Asysyariah
Asysyariah

gadai, mahalnya amanah di tengah umat

12 tahun yang lalu
baca 3 menit
Gadai, Mahalnya Amanah Di Tengah Umat

السلام عليكم ورحمة الله و بركاته

Amanah kian pudar di zaman sekarang. Utang piutang demikian sering terjadi, demikian sering pula ada pihak-pihak yang terzalimi. Banyak orang yang berutang lantas mangkir dari kewajibanmembayar. Amanah memang mudah diucapkan, namun sulit kala dipraktikkan.

Di zaman yang kejujuran dan sikap amanah menjadi barang mahal, banyak muamalah utang piutang yang menuntut adanya jaminan/agunan untuk memberikan rasa aman bagi pemberi utang (kreditor). Menjadikan suatu barang yang mempunyai nilai harta dalam pandangan syariat sebagai jaminan utang, yang memungkinkan untuk mengambil seluruh atau sebagian utang dari jaminan tersebut, itulah yang disebut gadai (ar-rahn).

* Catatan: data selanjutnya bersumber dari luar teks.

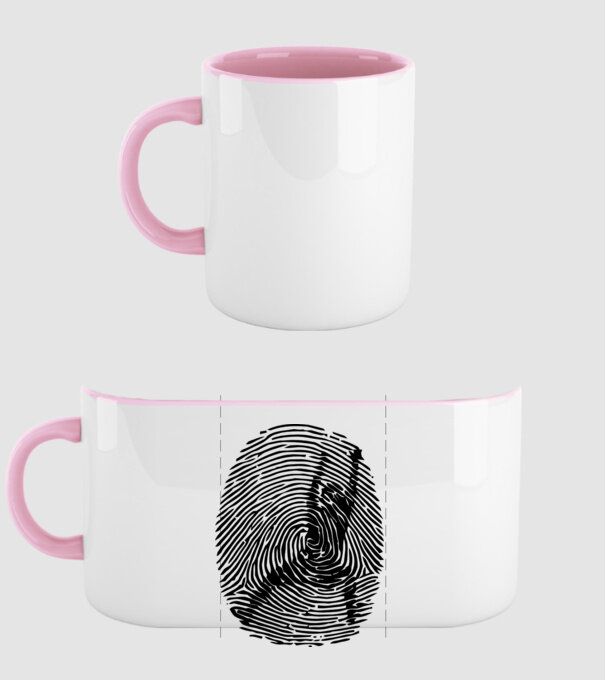 fingerprint model roz deschis pe tricou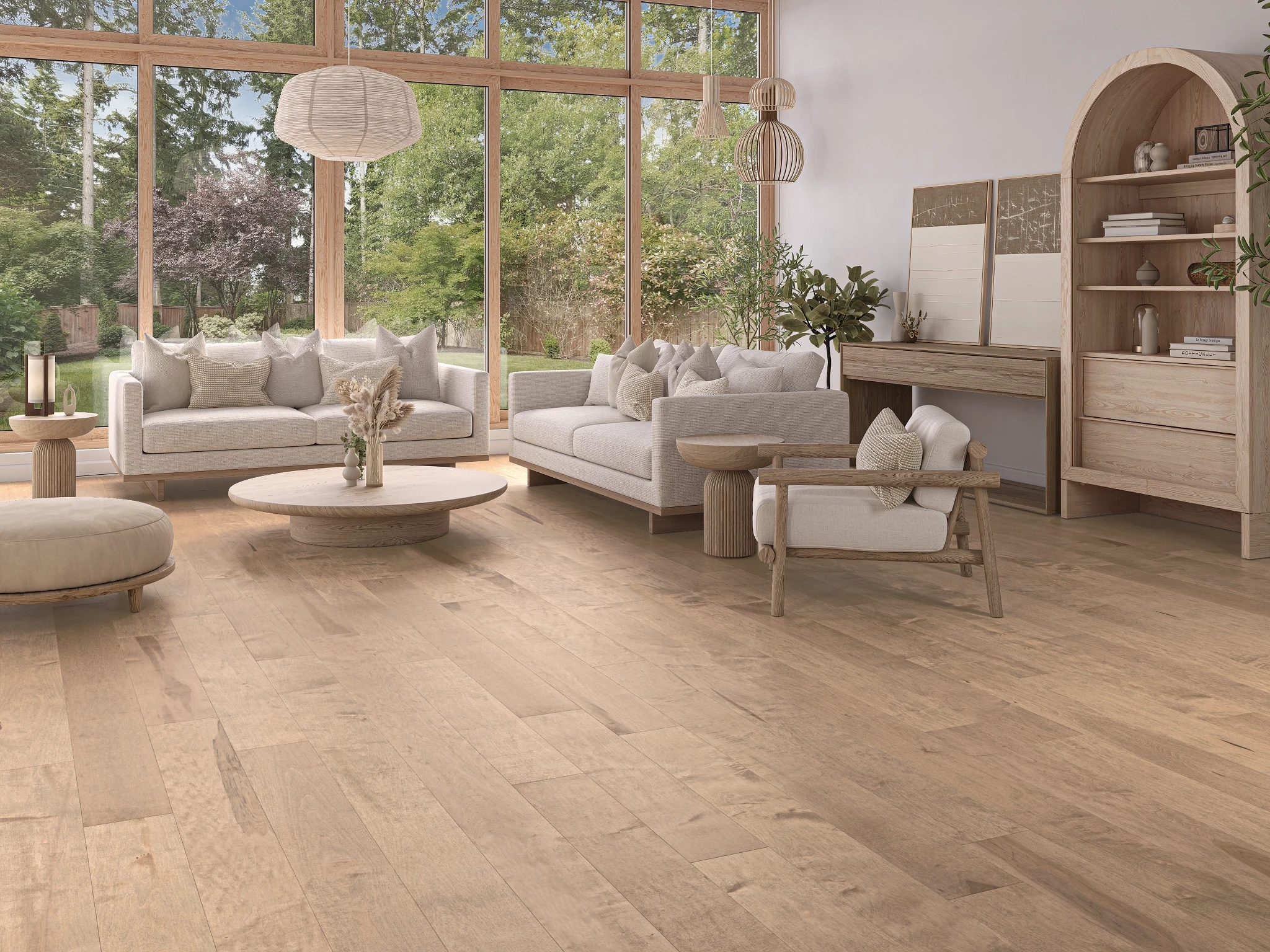 Visualisation de Érable Crema Select Lisse Satin Revêtement de sol par Alexandra Hardwood Flooring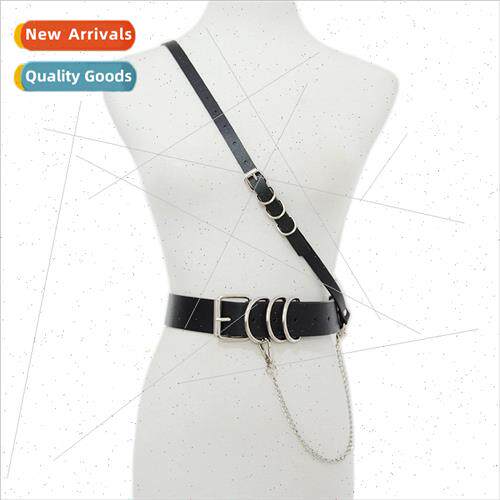 Europe punk leisure belt fashion sling back belt chain belt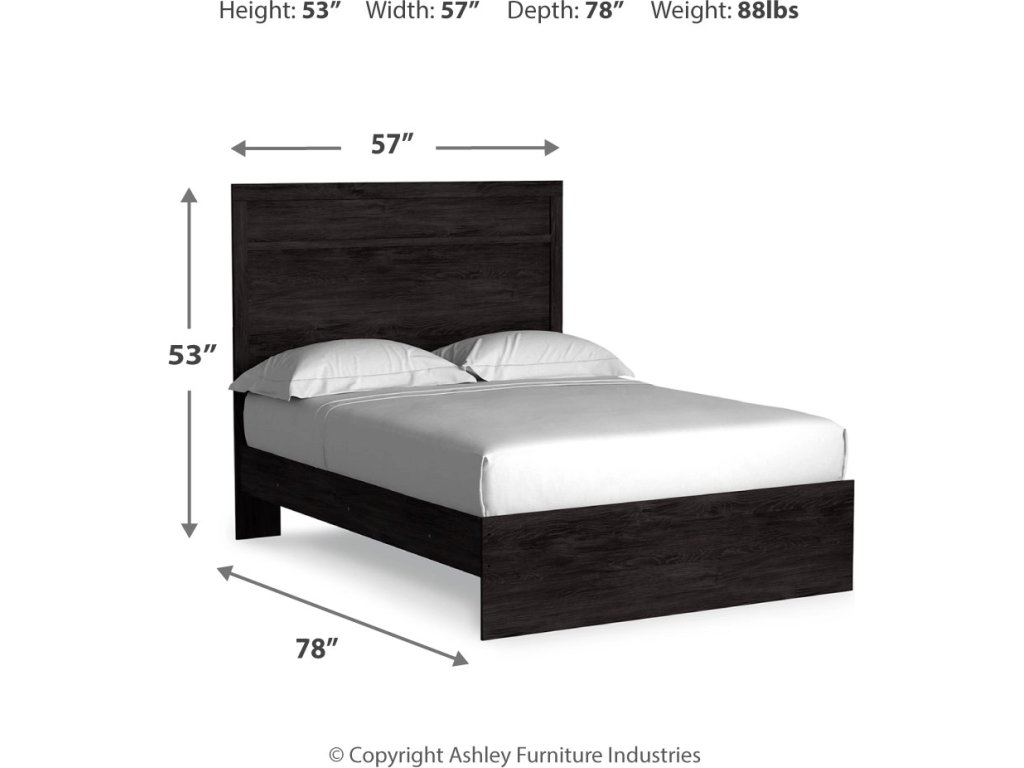 Belachime Full Panel Bed, Dresser, Mirror and Nightstand - image 7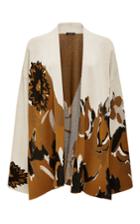 Etro Floral Intarsia Open Cardigan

Gadai sendiri pernah dipraktikkan oleh Rasulullah Shalallahu ‘alaihi wasallam. Kepada seorang Yahudi, Rasulullah Shalallahu ‘alaihi wasallam menggadaikan baju perangnya demi membeli sedikit gandum. Tidak berarti Rasulullah Shalallahu ‘alaihi wasallam tidak dipercaya jika “sekadar” utang tanpa agunan. Namun, perbuatan Rasulullah Shalallahu ‘alaihi wasallam ini mengandung hikmah yang besar.

Tidak hanya sebagai dalil yang memberi keabsahan praktik gadai, namun menunjukkan itikad baik beliau sekaligus kesederhanaan seorang pemimpin umat. Kondisi prihatin dan serba kekurangan yang semestinya dicontoh oleh kita semua, terutama para pemimpin atau pejabat pemerintahan.

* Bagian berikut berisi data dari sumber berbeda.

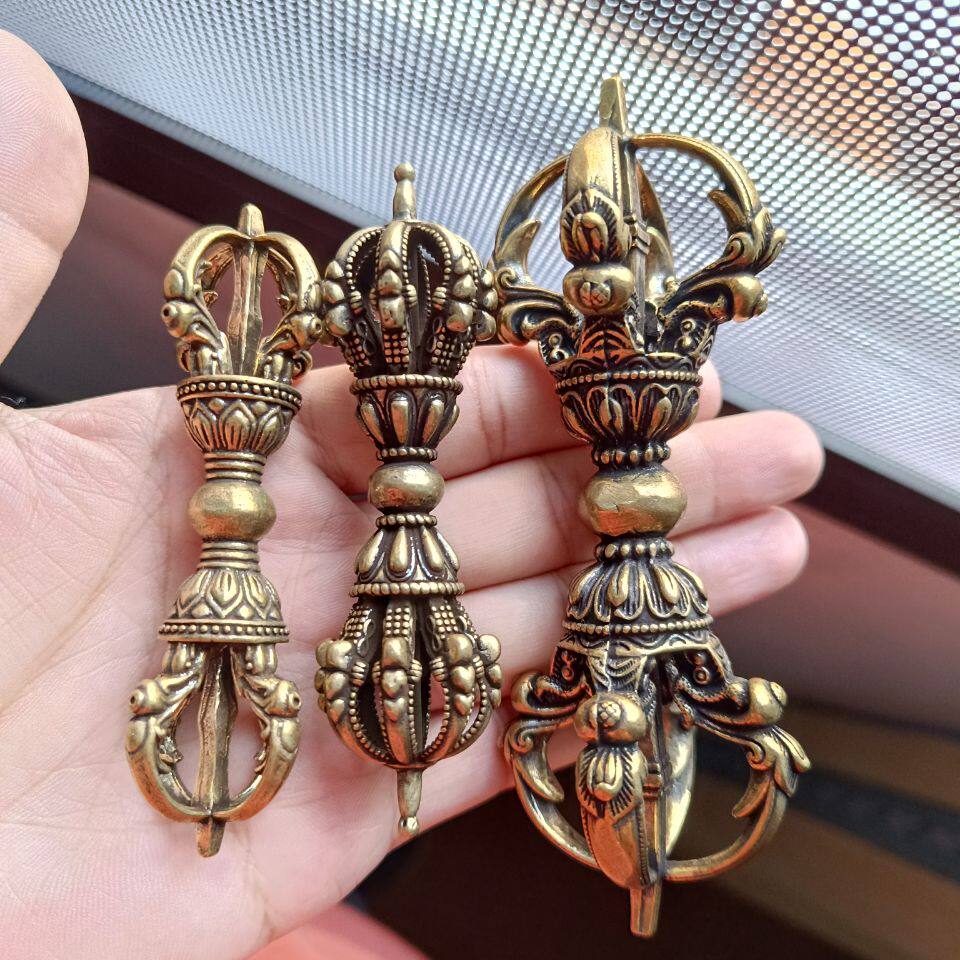 九股金刚杵法器手持金刚杵把件大号金刚杵摆件法器汽车挂件车内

Sudah mafhum, tabiat manusia adalah suka menzalimi sesama. Oleh karena itu, Islam pun memagari setiap muamalah (transaksi) dengan aturan-aturan yang indah agar manusia melakukan muamalah secara benar, tidak memakan harta orang lain dengan cara yang batil. Islam mensyariatkan ar-rahn untuk kemaslahatan bersama dan masyarakat secara luas.

Dengan gadai, orang yang menggadaikan/pemberi gadai (ar-rahin) tertutupi kebutuhannya tanpa harus kehilangan harta miliknya. Adapun pemberi utang/pemegang gadai (al-murtahin), selain mendapat ketenangan dan rasa aman atas haknya, dia juga mendapatkan keuntungan syar’i apabila memang ia niatkan untuk mencari pahala dari Allah Subhanahu wata’ala.

Adapun kemaslahatan yang dirasakan masyarakat, yaitu memperluas interaksi, saling memberikan kecintaan dan kasih sayang di antara mereka, serta menjauhkan masyarakat dari praktik bunga yang tidak wajar, ijon, dan praktik riba lainnya.

Gadai, pada asalnya mengikuti (bersifat accessoir) akad (perjanjian) pokoknya berupa utang piutang. Ketika terjadi perjanjian utang piutang, barang/objek gadai (marhun) harus diserahterimakan oleh ar-rahin kepada al-murtahin sejak dilangsungkannya akad. Serah terima (qabdh) ini bahkan menjadi syarat mutlak (inbezitstelling) dari gadai. Dengan serah terima tersebut, agunan akan berada di bawah kekuasaan (secara fisik) al-murtahin.

Namun, agunan dalam syariat gadai adalah amanat, hanya berfungsi sebagai jaminan utang pihak yang menggadai. Murtahin dalam hal ini hanya mempunyai hak kebendaan, tidak boleh memanfaatkan atau menyalahgunakan barang gadai. Dengan kata lain, fungsi marhun adalah untuk menjaga kepercayaan setiap pihak, sehingga murtahin meyakini bahwa rahin beritikad baik untuk mengembalikan pinjamannya.

Penjualan objek gadai (baik dengan cara lelang maupun lainnya) hanyalah upaya terakhir yang dilakukan apabila ada rahin yang wanprestasi (hingga batas waktu yang telah ditetapkan rahin masih belum melunasi pinjamannya).

Alhasil, Islam sangat menjaga agar transaksi gadai benar-benar tidak merugikan salah satu pihak, dengan melarang bunga gadai, mencegah timbulnya biaya-biaya yang tidak disebutkan dalam akad awal, dan sebagainya. Akad gadai pun dilarang mengandung syarat fasid, seperti murtahin mensyaratkan barang jaminan dapat dimanfaatkan tanpa batas. Islam benar-benar menyeimbangkan hak dan kewajiban secara indah di tengah mahalnya sifat amanah di tengah umat.